* _WHAT IS EXPECTED_
Counting only lines of the listing below that hold the word "show", give the total and nothing else.

* _MATERIAL FOR THIS EXERCISE_
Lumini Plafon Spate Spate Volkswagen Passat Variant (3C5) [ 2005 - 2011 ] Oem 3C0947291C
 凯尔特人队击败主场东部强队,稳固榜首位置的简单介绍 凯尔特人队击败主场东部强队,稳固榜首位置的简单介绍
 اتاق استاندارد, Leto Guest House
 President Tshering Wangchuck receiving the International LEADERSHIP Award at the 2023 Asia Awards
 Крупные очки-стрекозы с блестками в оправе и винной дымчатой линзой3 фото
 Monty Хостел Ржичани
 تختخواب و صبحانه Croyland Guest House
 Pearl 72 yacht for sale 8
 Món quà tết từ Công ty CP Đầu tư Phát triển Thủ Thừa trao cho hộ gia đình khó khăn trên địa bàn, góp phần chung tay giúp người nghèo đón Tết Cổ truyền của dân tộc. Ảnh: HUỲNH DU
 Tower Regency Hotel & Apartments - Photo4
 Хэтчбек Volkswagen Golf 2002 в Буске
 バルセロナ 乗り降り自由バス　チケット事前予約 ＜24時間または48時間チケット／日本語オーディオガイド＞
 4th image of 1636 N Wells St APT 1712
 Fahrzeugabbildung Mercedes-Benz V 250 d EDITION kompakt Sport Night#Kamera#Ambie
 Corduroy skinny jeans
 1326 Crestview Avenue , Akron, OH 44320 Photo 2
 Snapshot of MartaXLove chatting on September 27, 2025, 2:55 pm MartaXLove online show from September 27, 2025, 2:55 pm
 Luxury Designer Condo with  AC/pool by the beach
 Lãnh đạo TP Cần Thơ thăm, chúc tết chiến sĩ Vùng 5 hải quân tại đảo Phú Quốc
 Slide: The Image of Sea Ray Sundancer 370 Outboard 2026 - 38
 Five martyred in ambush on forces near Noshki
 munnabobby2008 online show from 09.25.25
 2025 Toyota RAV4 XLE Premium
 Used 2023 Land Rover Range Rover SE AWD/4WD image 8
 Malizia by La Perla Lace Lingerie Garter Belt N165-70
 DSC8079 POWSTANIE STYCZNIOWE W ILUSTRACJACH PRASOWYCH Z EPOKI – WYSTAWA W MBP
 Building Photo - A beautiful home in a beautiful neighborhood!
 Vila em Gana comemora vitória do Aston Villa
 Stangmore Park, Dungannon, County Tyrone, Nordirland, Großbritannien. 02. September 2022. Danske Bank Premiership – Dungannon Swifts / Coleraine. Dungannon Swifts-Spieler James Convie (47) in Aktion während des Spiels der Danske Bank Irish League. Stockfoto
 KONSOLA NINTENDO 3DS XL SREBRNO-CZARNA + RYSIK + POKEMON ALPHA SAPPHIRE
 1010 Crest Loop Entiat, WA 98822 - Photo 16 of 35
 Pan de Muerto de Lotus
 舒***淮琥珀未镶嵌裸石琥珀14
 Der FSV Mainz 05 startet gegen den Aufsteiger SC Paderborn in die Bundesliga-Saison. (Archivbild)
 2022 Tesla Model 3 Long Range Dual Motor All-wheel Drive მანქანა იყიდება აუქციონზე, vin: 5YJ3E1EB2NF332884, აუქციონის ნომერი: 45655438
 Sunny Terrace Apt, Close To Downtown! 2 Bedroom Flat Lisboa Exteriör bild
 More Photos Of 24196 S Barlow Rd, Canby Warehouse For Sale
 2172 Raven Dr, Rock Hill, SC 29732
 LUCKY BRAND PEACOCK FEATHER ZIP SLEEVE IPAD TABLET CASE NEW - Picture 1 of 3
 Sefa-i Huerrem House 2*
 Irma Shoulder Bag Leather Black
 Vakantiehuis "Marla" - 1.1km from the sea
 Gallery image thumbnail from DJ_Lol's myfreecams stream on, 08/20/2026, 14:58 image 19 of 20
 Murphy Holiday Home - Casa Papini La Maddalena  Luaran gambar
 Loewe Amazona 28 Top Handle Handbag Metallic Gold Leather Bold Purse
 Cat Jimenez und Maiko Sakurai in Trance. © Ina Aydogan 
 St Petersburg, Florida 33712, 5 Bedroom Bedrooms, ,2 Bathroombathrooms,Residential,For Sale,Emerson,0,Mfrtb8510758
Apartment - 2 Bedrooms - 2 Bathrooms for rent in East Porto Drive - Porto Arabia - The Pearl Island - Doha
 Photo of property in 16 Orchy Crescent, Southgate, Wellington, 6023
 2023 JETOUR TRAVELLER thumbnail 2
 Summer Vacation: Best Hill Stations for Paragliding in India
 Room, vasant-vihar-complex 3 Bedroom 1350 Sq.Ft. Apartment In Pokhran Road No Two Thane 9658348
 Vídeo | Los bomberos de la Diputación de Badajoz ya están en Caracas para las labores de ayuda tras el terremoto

* _YOUR SOLUTION_
2